白发让她对自己的年纪有了实感,她本以为二十多岁和三十岁出头不会有太大差别。
她给桑桑发了消息,不一会儿,桑桑就带着两盒染发剂敲响了她的房门。
倪杉坐在椅子上,桑桑带着一次性手套,帮她仔细把染发剂涂在头发表面,绝不放过任何一根白头发。
“好了姐,接下来的一个月内应该都不会有问题了。”桑桑看着镜子里的倪杉,满意地摘下手套。接下来再等二十分钟就可以把多余的染发剂清洗掉了。
“谢谢啊。”倪杉都快睡着了。
“太客气了姐。”
桑桑在倪杉不远处的椅子上坐下,拿起奶茶喝了一口:
“姐,自从你搬到榆城去,我都见不到一猪了。”
“是啊,和京市相比,榆城确实很不方便。但也有一点好处吧,就是一猪在那边生活得更快乐了。”

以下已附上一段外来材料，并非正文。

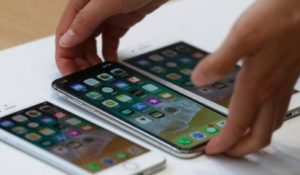 Новый Айфон 8: старт продаж провалился по всему миру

倪杉想起一猪在林岁安的小院子里玩球的画面,心都软了几分:
“你没发现在京市几乎见不到任何大型犬了吗。大家都搬走了。”
“所以你要一直留在榆城了吗?”
“应该吧,或许等到一猪去找曾沐了,我才会考虑搬回京市。”
小狗的生命很短暂,倪杉从带它回家的那一天起就做好了心理准备。
美妆盛典在海边搭了舞台,所有嘉宾都要在这边走红毯。
海市的海是灰色的,倪杉举起手机,拉近镜头,对着不远处的风景拍下一张照片。海风吹得她瑟瑟发抖,她披着一件厚实的西装外套,感觉自己的高跟鞋里进了沙子。
新染的头发颜色很明亮,倪杉一头蓬松的卷发很显眼,她在怪桑桑把染发剂买成了浅棕色,应该买黑色才对。桑桑在一旁对着倪杉拍照,一个劲儿地说这样就很好看啊,换个新发色换种心情嘛。
她甚至还很欠揍地说:“没事哒没事哒姐姐,等你下个月再需要染头发的时候再换成黑色就好。”
倪杉气得穿着八厘米的高跟鞋就要打她。
她没吃晚饭,怕吃饱了之后会有小肚子凸出来。这礼服很挑身材,等坚持到红毯结束就可以吃东西了。
红毯开场由一位女明星在舞台上弹了一首钢琴曲。
她一边说着自己很多年没弹了早就忘了,一边duangduangduang地弹了一首《诀别书》。
倪杉每次听到这首曲子都会有点想哭,会想起离去的人,想起她没完成的人生计划和种种遗憾。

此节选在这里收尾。